=== EXERCISE INSTRUCTIONS ===
Please write out only the lines from the one containing "YI Xiaomi Full" through the last line of the listing. Do not include pictures.
......
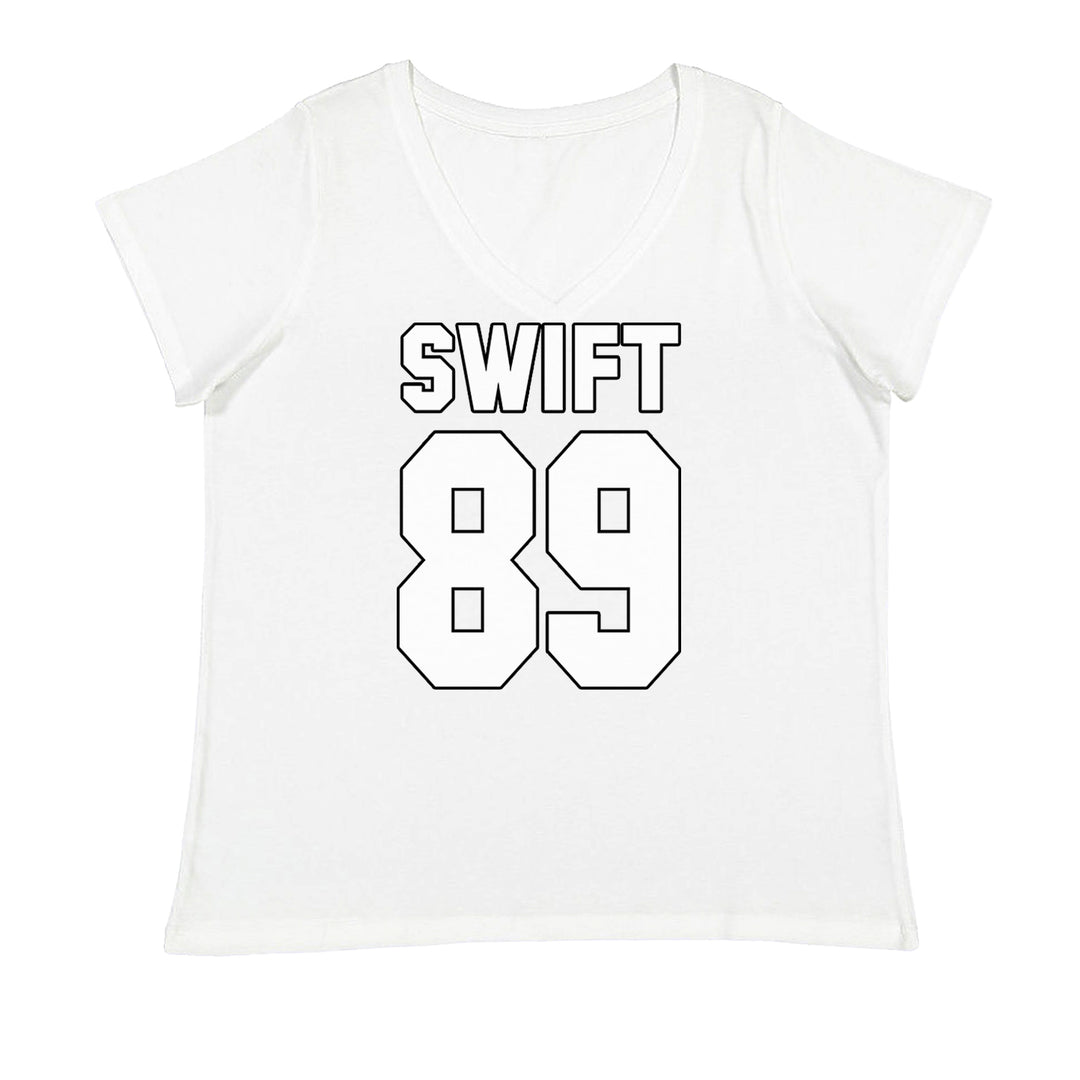 Swift 89 Birth Year Music Fan Era Poets Department Lover Ladies V-Neck T-shirt White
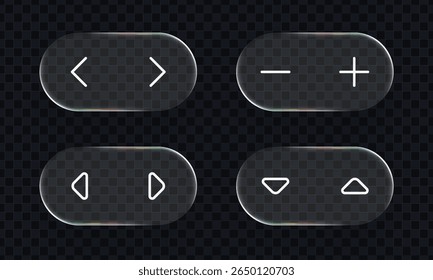 Conjunto de elementos de interface do usuário de vidro líquido. Botões de vidro com ícones de esquerda, direita, menos, mais, reproduzir e pausar. Botões de vidro.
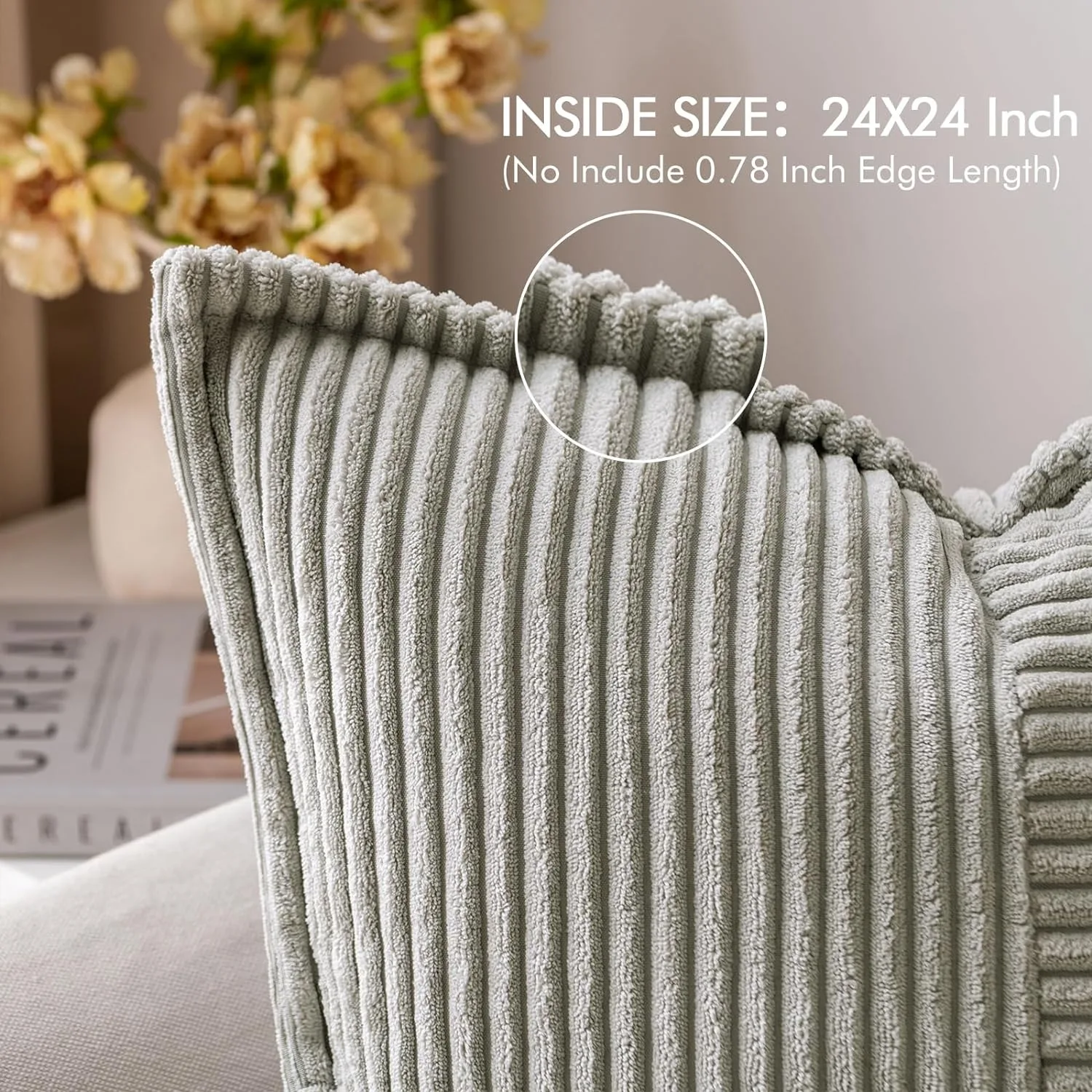 Corduroy Boho Grey Throw Pillow Cover18 Inch Solid Striped Soft Cozy Cushion Cases for Couch Sofa Bedroom Living Room Home Decor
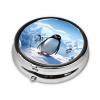 Penguin Antarctica Ice Pill Box 3 Compartment Small Pill Case for Purse & Pocket Decorative Metal Medicine Case Travel Pillbox Round Pill Organizer Vitamin Container Unique Gift view 3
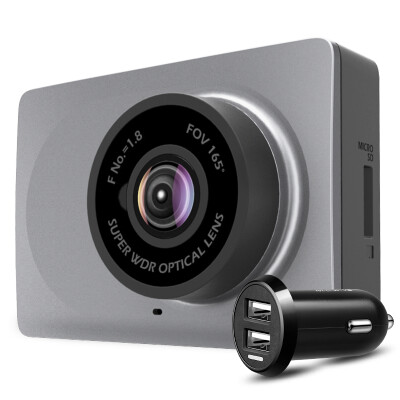 

YI Xiaomi Full HD 1296P 165° Wide Angle Dashboard Camera Car DVR Dash Night Vision Video Recorder Grey With Dual USB charger Outle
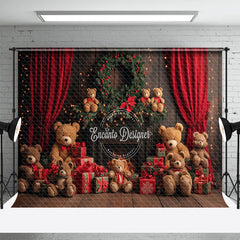 Aperturee - Aperturee Red Curtain Gifts Bear Wreath Christmas Vibe Backdrop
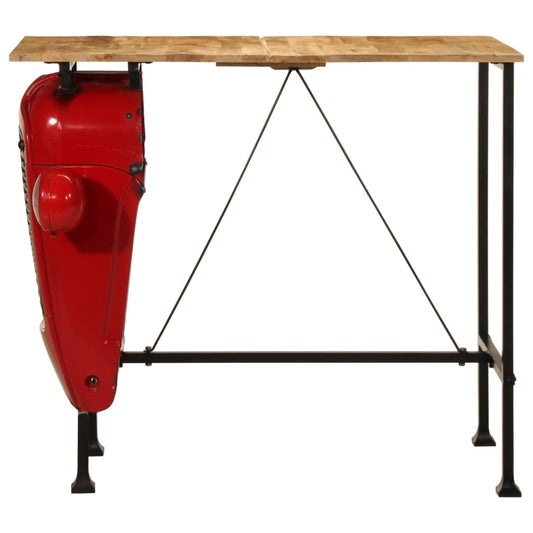vidaXL Tractor Bar Table Red and Brown 55x120x107 cm Solid Wood Mango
......
=== EXERCISE OUTPUT ===
YI Xiaomi Full HD 1296P 165° Wide Angle Dashboard Camera Car DVR Dash Night Vision Video Recorder Grey With Dual USB charger Outle
 Aperturee - Aperturee Red Curtain Gifts Bear Wreath Christmas Vibe Backdrop
vidaXL Tractor Bar Table Red and Brown 55x120x107 cm Solid Wood Mango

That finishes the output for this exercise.